People do all kinds of injuries to themselves with their stress, their diets, their environments, their relationships... It’s naïve to think we can make such a difference as to do away with all such harm in another’s way (it’s surely enough for us to work on that one for ourselves!) but I do think we have a golden chance in a modern clinical setting to help people get into the nitty gritty of why they are suffering. This is a profoundly healing thing to do, it changes lives.
Underlying a person’s experience of their life, and certainly underlying their troubles, is their ‘nature’; variously described as their constitution, their temperament or their energy. Their nature is of course who they really are; it contains their own life-force, that which heals them. It also just so happens to demonstrate quite visible cracks along similar lines when imbalances happen, as they inevitably do.
People broadly grouped into certain types of constitution do clearly get the same kind of troubles and, endearingly to a herbalist, seem to respond much better to certain types of treatments. All this has been carefully worked out and practiced by our herbal ancestors for millennia. It’s a bit of a mystery as to why we have gotten so estranged from it whilst our Indian and Chinese cousins have just gone about working it in deeper but here we are; let’s have another look.

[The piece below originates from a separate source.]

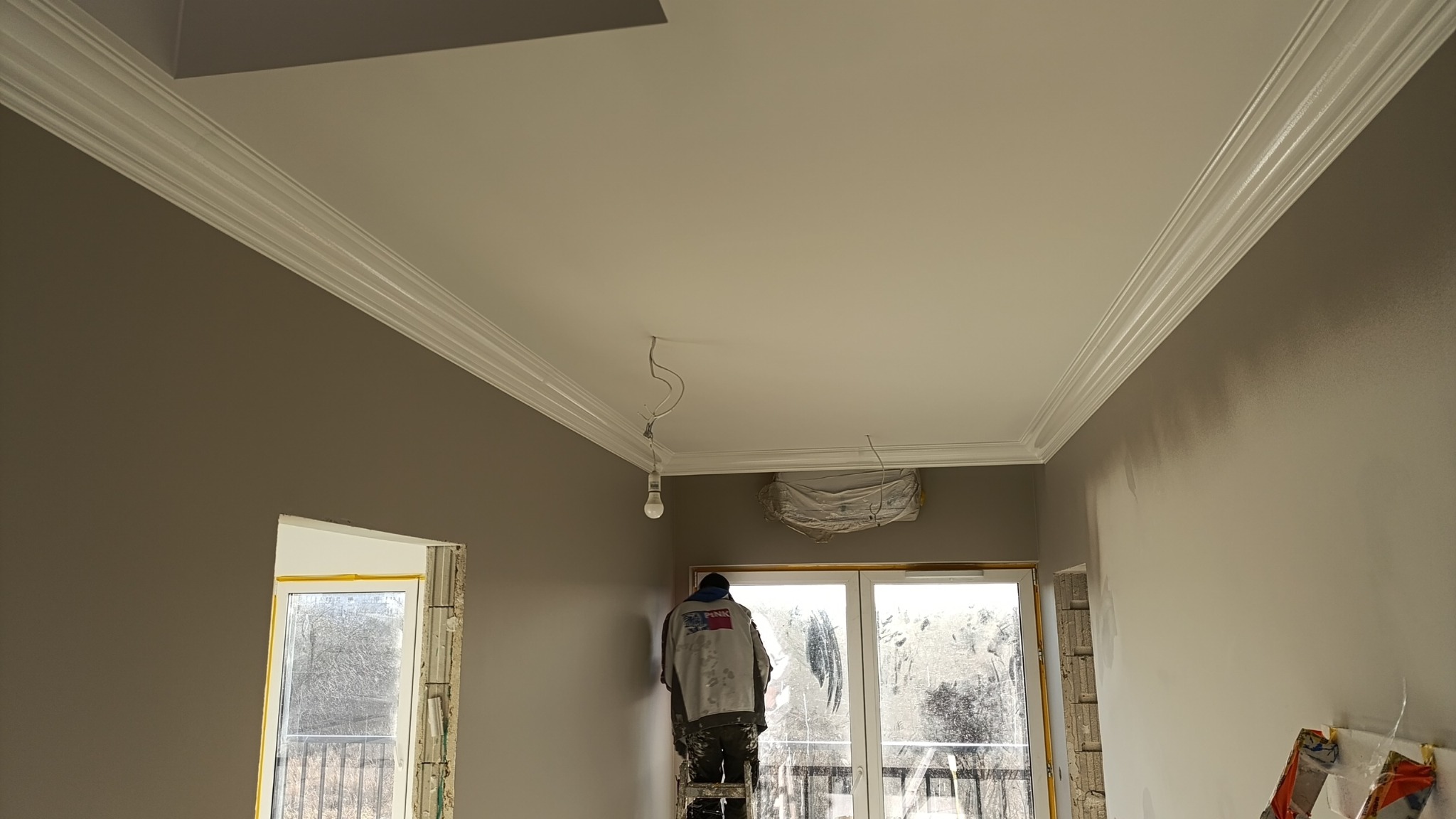Malarz na drabinie maluje ścianę w pokoju z ozdobną listwą sufitową. Widoczne okno balkonowe i fragmenty ścian w dwóch odcieniach szarości.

The first concept to get a firm grasp on is that the ‘nature’, the constitution varies along several spectrums with many possible gradations. The first spectrum can be well described as Cold to Hot. Cold or Cool constitutions have slower metabolisms, more gradual expenditure of calories, reduced responses to illness. They are often more introverted and introspective. (By the way, I am cagey about using the word ‘cold’ too often in my language as it has so many negative connotations, whereas nobody seems to mind being told they are ‘cool’!)

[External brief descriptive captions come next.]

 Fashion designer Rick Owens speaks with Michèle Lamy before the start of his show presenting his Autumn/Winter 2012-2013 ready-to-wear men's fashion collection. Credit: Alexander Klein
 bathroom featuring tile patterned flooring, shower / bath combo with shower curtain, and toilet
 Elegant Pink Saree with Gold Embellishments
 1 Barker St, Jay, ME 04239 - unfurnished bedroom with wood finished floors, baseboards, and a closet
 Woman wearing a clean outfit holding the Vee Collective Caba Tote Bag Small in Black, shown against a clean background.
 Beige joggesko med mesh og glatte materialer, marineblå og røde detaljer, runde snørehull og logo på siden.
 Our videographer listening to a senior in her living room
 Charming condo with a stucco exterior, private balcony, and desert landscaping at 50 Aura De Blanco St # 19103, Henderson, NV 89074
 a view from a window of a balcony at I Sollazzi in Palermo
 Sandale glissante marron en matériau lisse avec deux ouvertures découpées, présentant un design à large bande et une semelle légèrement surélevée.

Hotter constitutions have faster metabolisms, slightly higher body temps and have more acute or dramatic responses to illness. They are usually more extroverted, more naturally expressive. There are many permutations to all of this, for example the third spectrum, the moving ‘nervous energy’, which we only really start discussing when we get to the pulse, greatly affects how people experience and express their basic constitutional temperaments.
The second, equally important spectrum in the constitution is described as Dry to Damp. Think of this as something that kind of overlaps the first spectrum. In other words people have a natural tendency to be cooler or hotter and as well as that they have a tendency to be dryer or damper.
Dryness and dampness are somewhat to do with just how much fluid (i.e. water and fats/oils) a person has but they also closely relate to a more general depletion in the case of excess dryness and an equally apparent encumbrance, or toxicity in the case of excess dampness.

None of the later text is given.